Using R, you have the options of running code from the console or by saving and reusing scripts. I tend to only use the console for one off things, like pulling up a help page. I keep all of my code in scripts which allows me to reuse code and run things again at a later time. When writing a report or a publication for peer review, you are almost always asked to report something different or revise previous analysis so it is best to work from the script. To maintain good housekeeping I always label these with the data at the end of the filename. For example, I will name my file bird_analysis-08-17-16.R
and that way it is easy to keep up to date with the most current version. In the the next few sessions we will be diving fully into working with R.
How do I learn R?
I will come right out and say it. R is not easy. You will not be able to half ass it and be able to understand R. I came from a background of working with SAS and Matlab and there are still things I do not fully understand. I started learning R in 2007 as a postdoc at the University of Minnesota and it took me a while. I believe the best strategy is immersion. Do not give yourself an out (i.e., use point-and-click propiertory software) and struggle. Over time you will begin to recognize the nuances of the language and how to use it to its fullest ability (even if this requires hacks and work-arounds). I tell students frequently that learning R is like learning a foreign language. How do you best learn that language? Immersion. You go to that country and live there, forcing you to learn how it is. R is no different.
There are three areas that I know I struggled with in R and know lots of students (used in the loose sense referring to anyone trying to learn R) that have found these things problems similarly.
- Getting data into R
- Understanding the structure of your data (e.g., selecting columns and rows)
- Understanding the error messages
I think if you can develop an understanding of these three things, you will be able to get around most of what occurs in R. We will spend more time developing a greater understanding of these areas in subsequent lessons.
How do I get help in R?
The beauty of R and its large and diverse user base is that there is a lot of help out there for you. There are sources that tend to be more prickley (e.g., R mailing lists), to moderatly so (e.g., stackoverflow), and most forgiving (e.g., google groups).
There tend to be three areas that I think students learning R get tripped up on when trying to find help.

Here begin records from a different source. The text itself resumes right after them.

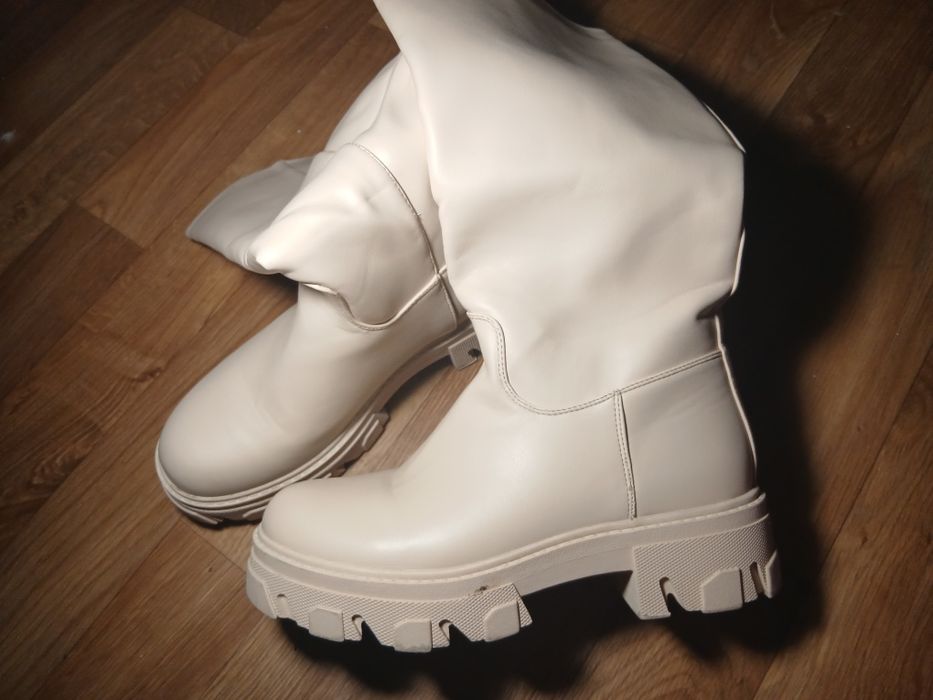 Ботінки, 39 розміру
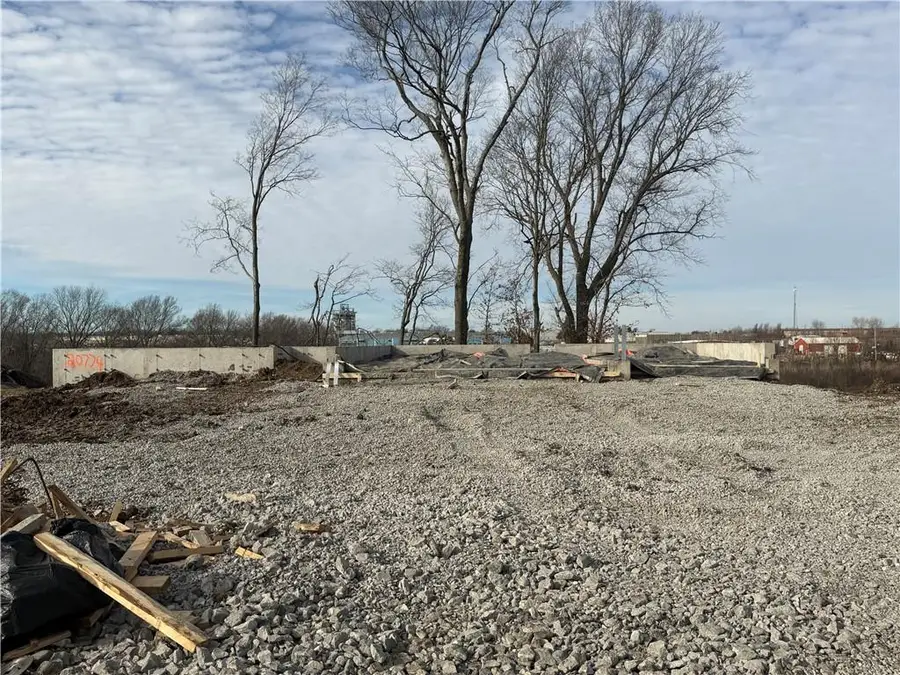 20774 Emerald Street, Spring Hill, KS 66083 - Image #2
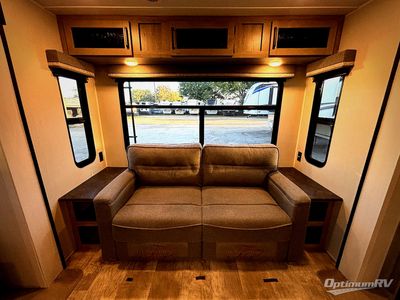 2024 Palomino Puma - Photo 12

- The first is a general “How do I do so and so in R?” and my solution to that is simple. Call up your favorite search engine and do a search for your question (and add “in R”). For example, to search how to do a linear regression in R, I would pull up google and search “linear regression and R.” Generally, your search results will include tutorials, packages, or questions posted on the online help sites.
- The second is “how do I use this function in R?” Like the first bullet you can always do a search and come up with an answer. There are several ways to find help within R for a particular function.
help(function_name)
or?function_name
will bring up the documentation on the particular function you are interested in. This is where I almost always start when I am having issues with a particular function because the pages called will have the input parameters and various options. - The third is “What does this warning or error mean?” Part of this will come as you spend more and more time learning the R language but everyonce in a while you will get an error that you have no clue. Very often I will copy that error from the console and past it into google.
Generally when you are trying to help, whether you are using an online source or the R guru down the hall, it important to do your homework ahead of time. The key to getting good feedback no matter from what source is to 1) Google search the issue. It is more than likely that someone else has already had the issue, 2) do not make it seem like you are asking questions about a homework assignment, and 3) provide a reproducible example. I think going through the process of trying to make a reproducible example ends up helping you solve your issue before you even post to one of the help sites.